The Employer’s approach is therefore consistent with the language of the Collective Agreement insofar as it also entails a conversion of 1998 earnings into a monthly amount.
[30] Third, as a related matter, there is no dispute that the Municipal Act does not apply in the present circumstances and that the relevant provisions of that statute are not incorporated into Article 20.03. However, the Arbitrator could reasonably find that the reference to the Municipal Act in Article 20.03 evidenced an intention of the parties that the result under Article 20.03 would be substantially the same as the result under the Municipal Act in comparable circumstances. That is what the Arbitrator did in finding that the parties did not intend to depart from the “paradigm” of the Municipal Act.
[31] Given the foregoing, I conclude that the Award is reasonable based on the following three considerations.
[32] First, while the Arbitrator found that the Union’s approach was also consistent with the language of Article 20.03 insofar as it required a calculation based on “six months earnings”, there is no specific wording in Article 20.03 that requires or contemplates a calculation of monthly 1998 earnings based on the number of months worked. Nor is there any language that suggests that an employee’s entitlement to a retirement gratuity should be calculated by reference to the number of months worked in the year of termination of employment. In such circumstances, it is reasonable to assume that the parties intended a calculation based on calendar months.
[33] Second, the Union characterizes the effect of the Employer’s approach to be that an employee who worked less than 12 months in the year of termination will receive less than “50% of [their] accumulated sick leave.” We do not agree.
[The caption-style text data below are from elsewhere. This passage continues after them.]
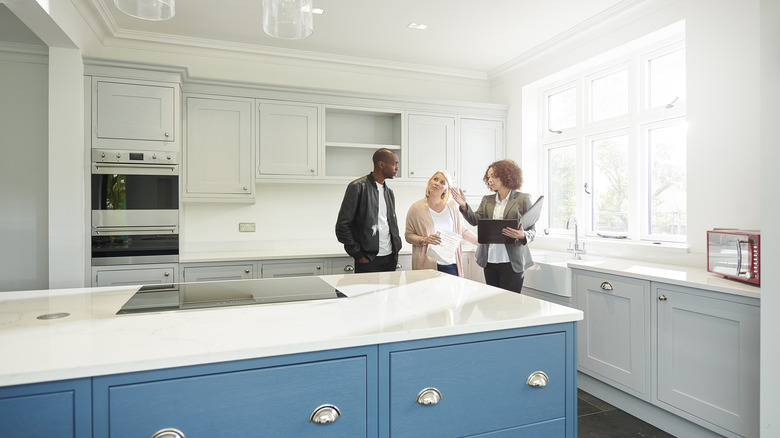 A real estate agent shows a couple a large kitchen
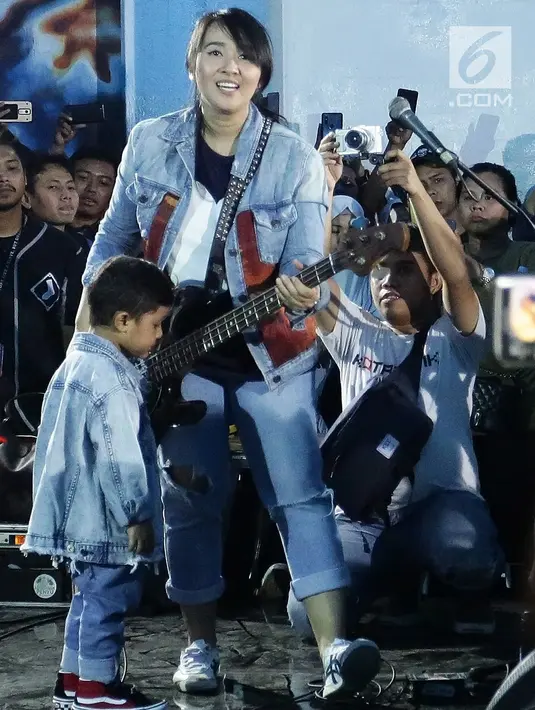 Basis Band Kotak Chua bersama putranya saat tampil dalam Road to Playfest 2019 di Terowongan Kendal, Jakarta (26/7/2019). Lagu Terbang mengawali penampilan Band Kotak sekitar pukul 18.30 WIB. (Fimela.com/Bambang E. Ros)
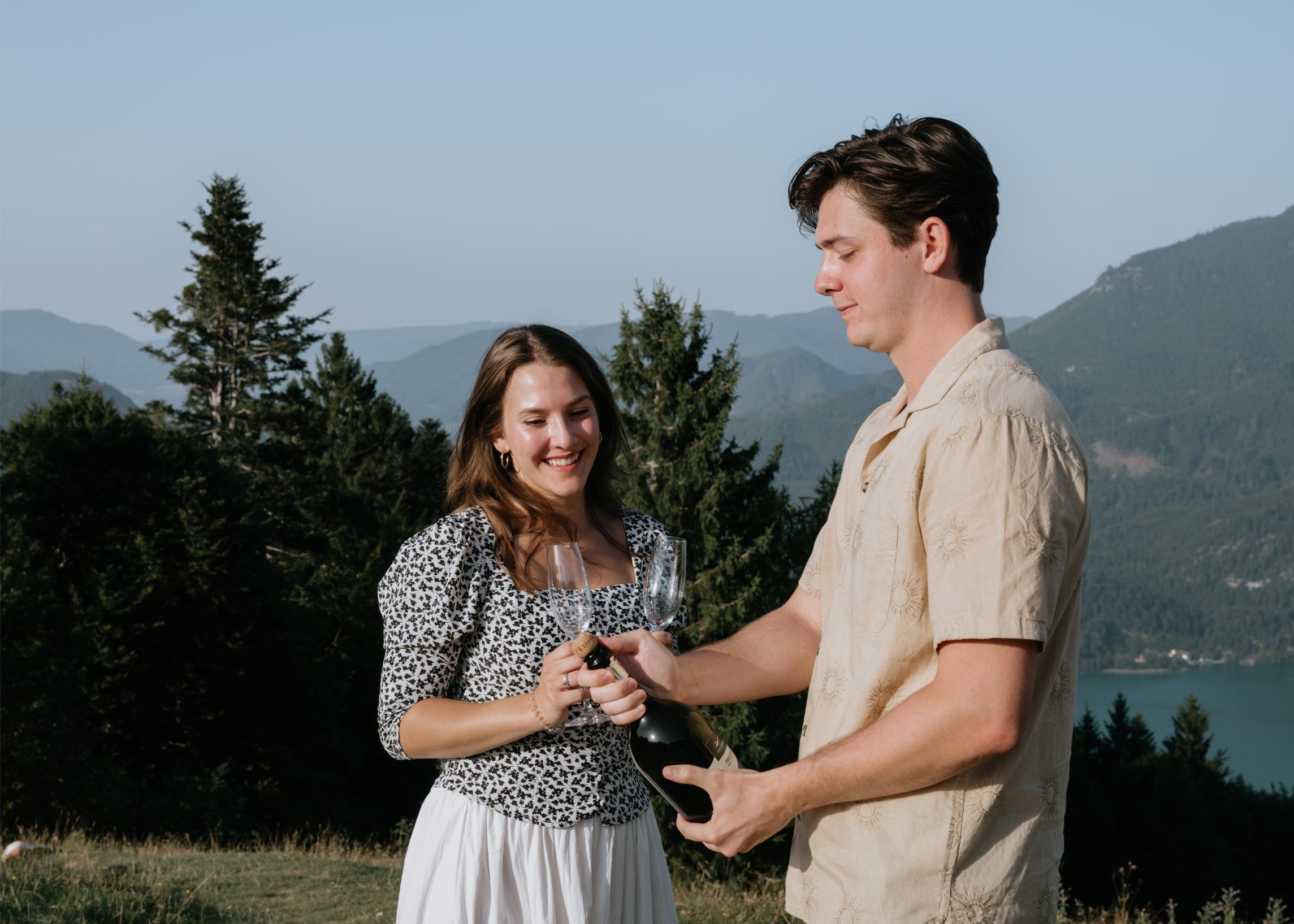 A young couple celebrating outdoors with champagne against a scenic mountain and lake backdrop. The woman is smiling while holding a champagne flute, and the man is opening a bottle of champagne.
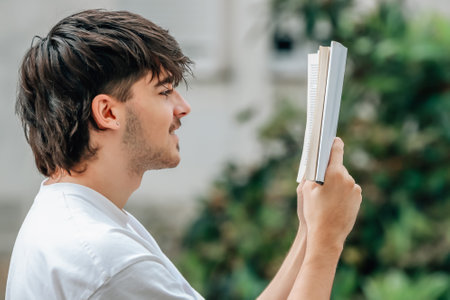young man with book reading outdoorsの写真素材
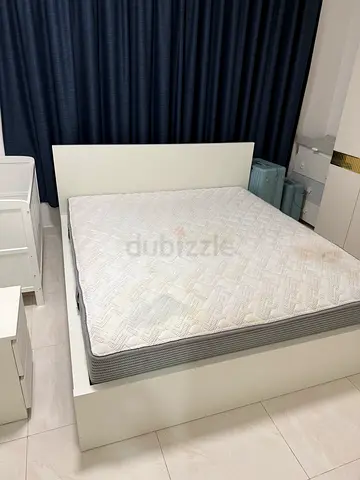 White platform bed frame with mattress and headboard - good condition
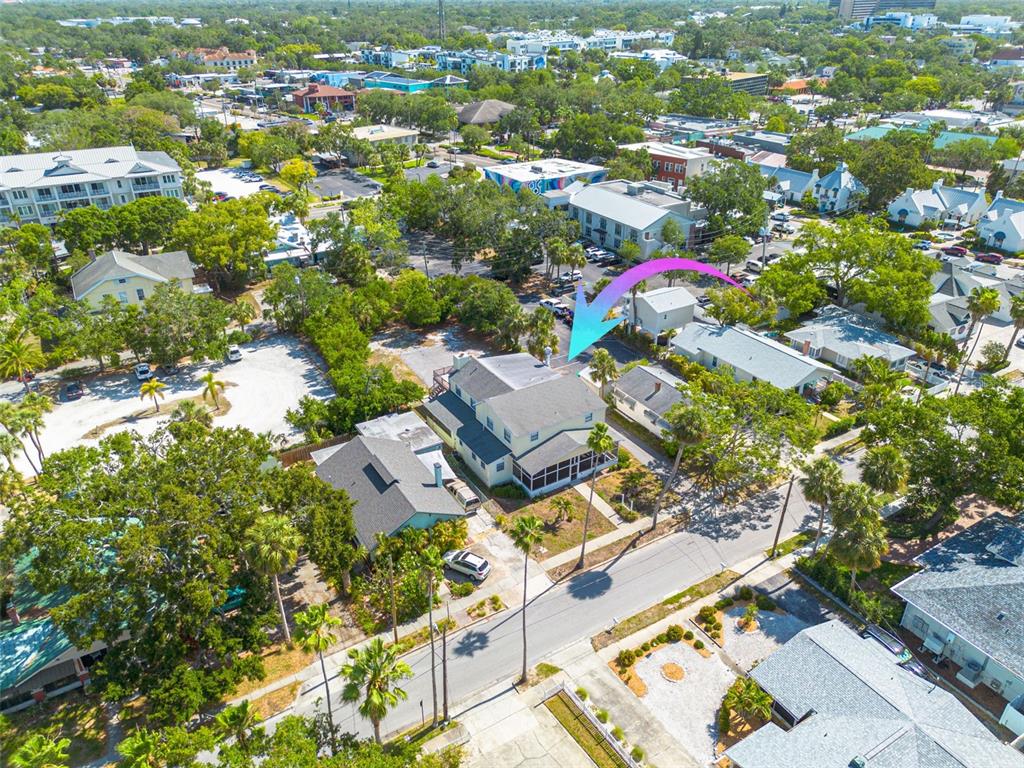 An aerial view shows a multi-story house with a screened porch and surrounding trees — 220 SCOTLAND STREET, DUNEDIN, FL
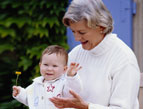 grandmother, baby in grandmother's lap smiling baby, baby waving hi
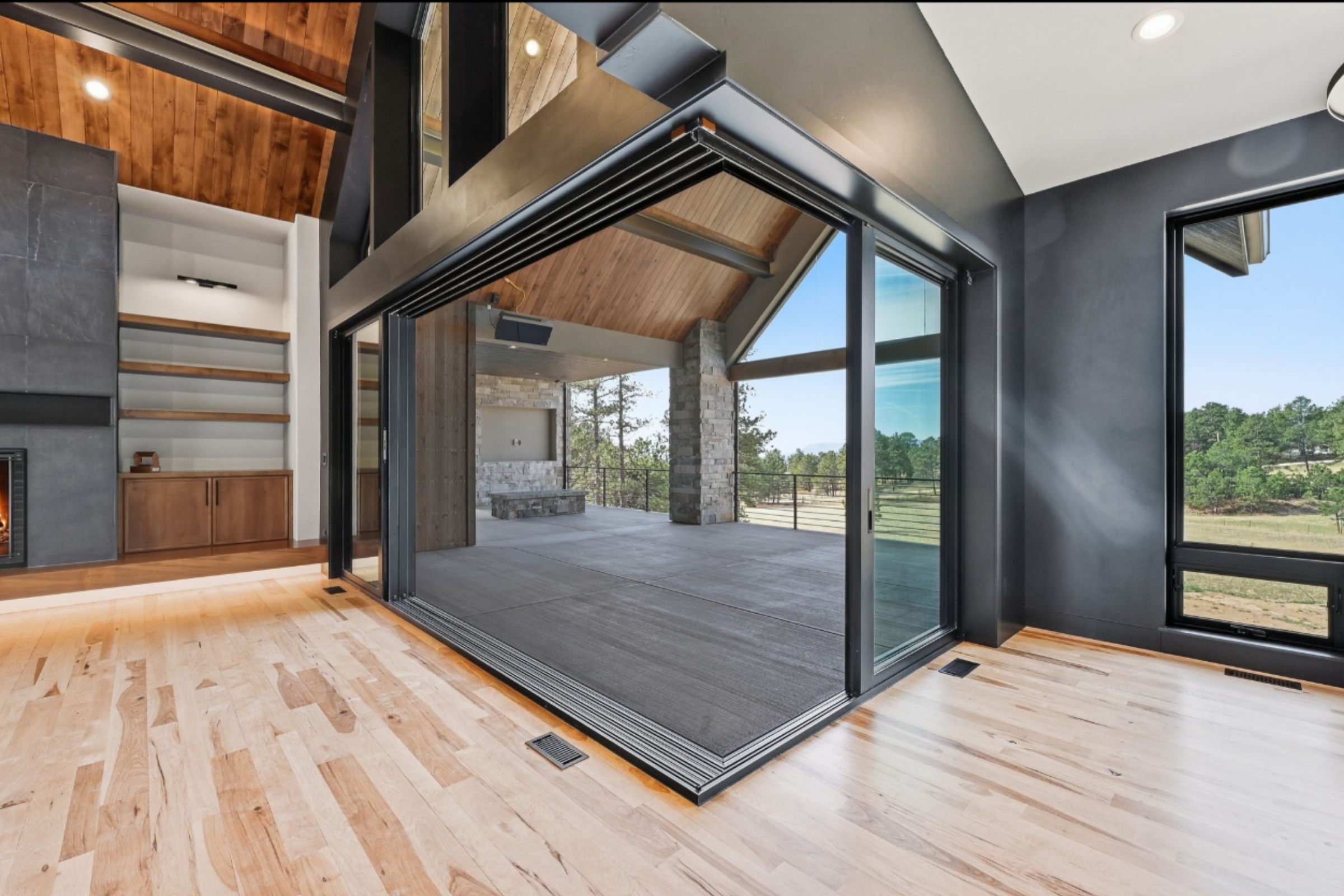 Modern living room with large glass sliding doors opening to an outdoor patio, featuring a mix of wood and stone interior design elements.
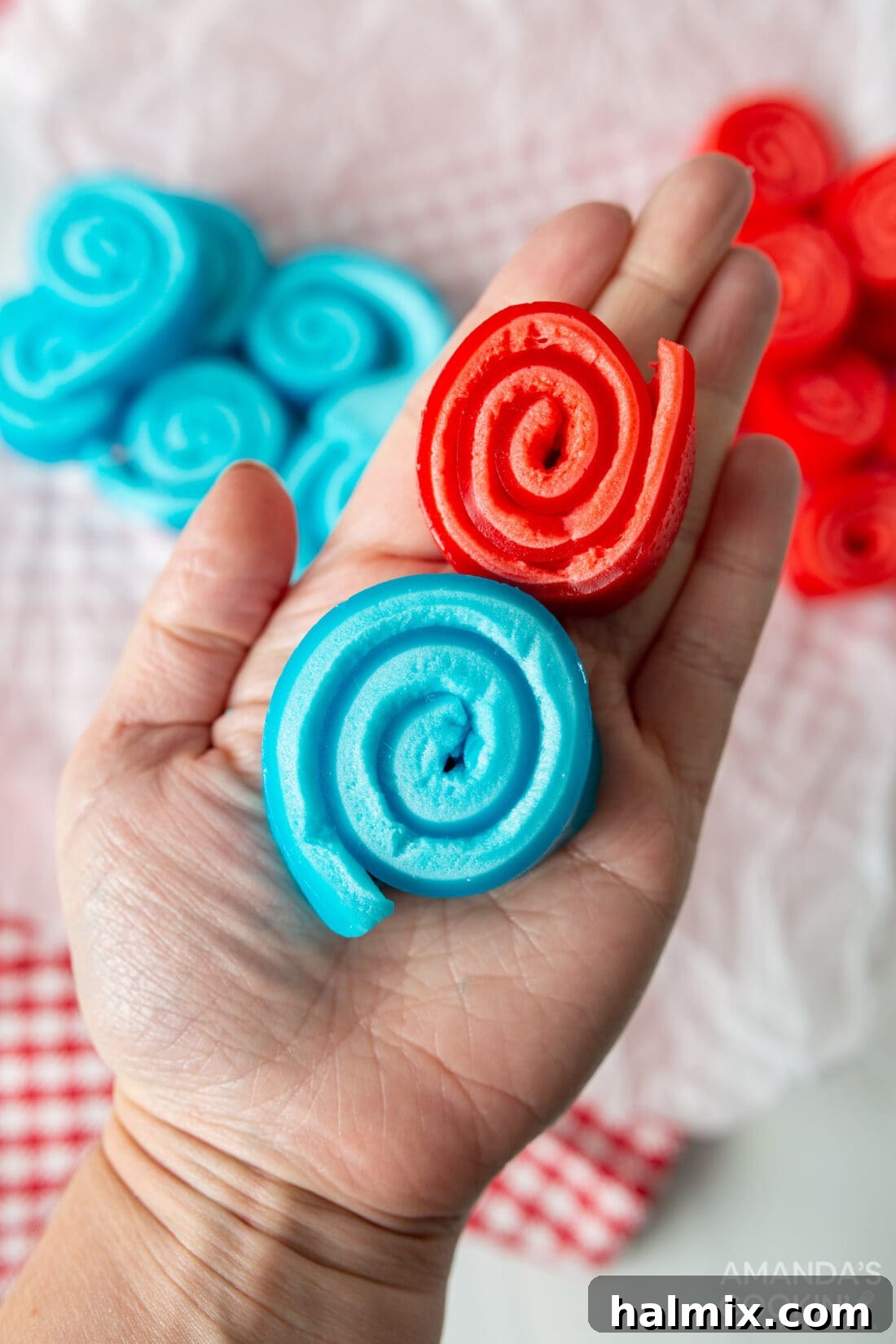 A hand holding a perfectly formed red and blue Jello Roll Up, showcasing its vibrant layers and inviting texture.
The cap in Article 20.03 requires a monetization of 50% of the number of accumulated sick leave days at the time of termination. The Employer and Union positions reflect different approaches to the monetization of an employee’s accumulated sick leave days, not to the number of sick days for which an employee is entitled to a retirement gratuity.
[34] Third, the Arbitrator also relied on an example that he considered demonstrated that employees who worked 10 months would be entitled to a proportionately larger retirement gratuity than 12 month employees. The Arbitrator’s example was flawed insofar as it presumed the same 1998 earnings for each class of employee and, therefore, a higher rate of pay for the employees who worked a 10 month year.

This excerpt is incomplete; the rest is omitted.